An alternative as we're aiming for an RFC is to make our own IANA registry, that's effectively what we've done now (currently with 4 entries for md5/sha1/sha256/sha512).

But look for "hash" under https://www.ietf.org/assignments/ - why do we need yet another one? RFC6920 registry is quite straight-forward to augment.

However I see great benefits with linking to RFC6920 for bagit - for one you have instantly global identifiers for (the bytes of) every item in a bag, secondly it also has a resolution mechanism that a bagit client could use to fix bags, say if fetch.txt URIs give 404.

justinlittman commented 6 years ago

I'm split on this one. On the one hand, registries are generally a good thing. On the other hand, the existing approach has worked fine to date.

stain commented 6 years ago

Once we go RFC we can't do sporadic updates for adding checksum algorithms, just erratas or new RFCs, so then it would make sense to do it as a new registry so the community can do easy additions to it.

If "algorithm name" is free-form anyway, then there is not much point in normalizing it.

I can have a bag with manifest-Grøstl-512.txt and a human is anyway needed in the loop to say it is compatible with the code that can handle manifest-grostl384.txt in another bag.

However if we say it SHOULD be in the registry, then that should hopefully prompt some emails or at least emerging community consensus about what to use for a new algorithm name, and then the registration can happen, either in the RFC6920 registry (as I suggest) or in our own.

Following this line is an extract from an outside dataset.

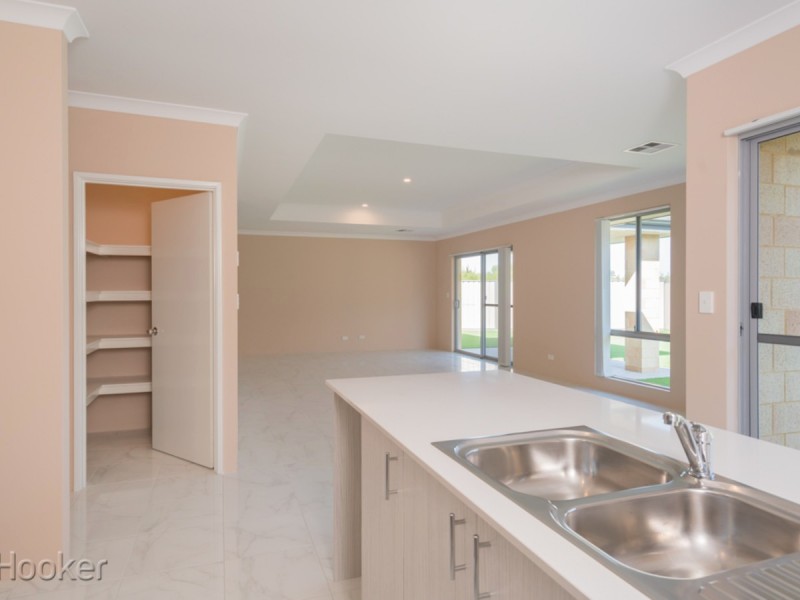 37 Miramar Way, Piara Waters WA 6112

If we do our own registry it could have a similar simple registration procedure as RFC6920, basically "Expert Review" to check it's not rot13, patent-troll or a duplicate. Might be worth checking with the IETF folks at arts@ to see what they think is preferable.. it must have come up for the other hash registries?

stain commented 6 years ago

Thanks, @acdha, fixed all of those.

stain commented 6 years ago

Do we need @acdha to formally re-review before merge..? GitHub insist on "requested changes" even though I believe they are now addressed.

johnscancella commented 6 years ago

I believe you have addressed @acdha comments. Since @justinlittman is in disagreement we should probably have kunze weigh in

justinlittman commented 6 years ago

I'm OK with being the dissenting opinion, but agree that @jkunze should review.

johnscancella commented 6 years ago

@stain do you think you could resolve the conflicts on this PR? Once that is done I think we are good to go with merging it. Thanks!

johnscancella commented 6 years ago

fixed merge conflict and merged manually